Ce qui impressionne surtout chez Daniel Kay c’est le caractère retenu de son écriture, plus proche de la pudeur que de la circonspection, une sorte d’anagogie contrastant avec l’emprise d’une quelconque divulgation du mystère contemplé. « Chez Baugin – écrit-il –, le monde est là, sans rhétorique, tout simplement dit. Non pas clamé, mais dit à voix basse, susurré loin de toute idée de profération. » La formule peut s’appliquer parfaitement à son langage, avec cette précision que nous avons ici affaire à un subtil et ineffable processus à la fois pictural et poétique, de sublimation du réel à travers l’harmonie, ce terme que les Grecs utilisaient pour dire le monde, le Cosmos.

Révélé lors de l’exposition de 1934, Les Peintres de la réalité en France au XIIe siècle, organisée par Paul Jamot et Charles Sterling au Musée du Louvre, Baugin, dont on connait peu de choses sur sa biographie, est présent avec 3 tableaux dont La nature morte aux gaufrettes.

L’écrivain Pascal Quignard traite de ce sujet dans son roman Tous les matins du monde. Alors que le grand romancier scrute le contexte historique de ce tableau, Daniel Kay, lui, se penche plutôt sur son côté esthétique, sur « la beauté rigoureuse et géométrique du dessin » et sur « le chromatisme distingué et retenu », évoquant son classicisme. Il s’agit, selon lui, plutôt d’une « réalité augmentée » où « les objets du monde (…) doivent faire corps avec autorité tout en laissant les éléments distincts s’affirmer à la marge ».

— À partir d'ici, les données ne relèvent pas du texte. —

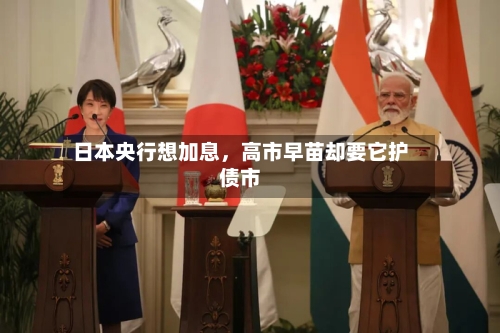 日本央行想加息，高市早苗却要它护债市-第3张图片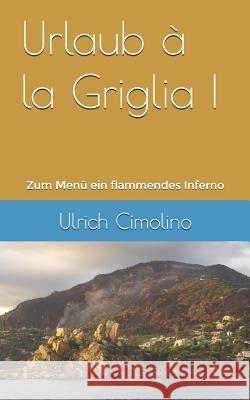 Urlaub À La Griglia: Zum Menü Ein Flammendes Inferno Cimolino, Ulrich 9781717858658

La proposition qui nous est donnée ici dépasse la simple tentative de transposition mimétique entre lisibilité et visibilité contenue dans la fameuse formule horatienne ut pictura poesis. Daniel Kay se positionne dans le domaine de l’enchantement, dans une perspective où le regard esthète réclame prestement d’exercer le droit à l’interprétation de l’agencement de cette nature morte, aux couleurs des objets qui la composent, à l’origine, aux goûts et à la texture de ces gaufrettes, pain travaillé au fer, objets craquelés se brisant « sous le rempart des incisives » et se mélangeant au vin reposant dans le verre posé à côté.

Tout devient spectacle, fête, musique, saveur, « souvenir des plaisir domestiques, si calmes, quelque part dans l’ineffable ».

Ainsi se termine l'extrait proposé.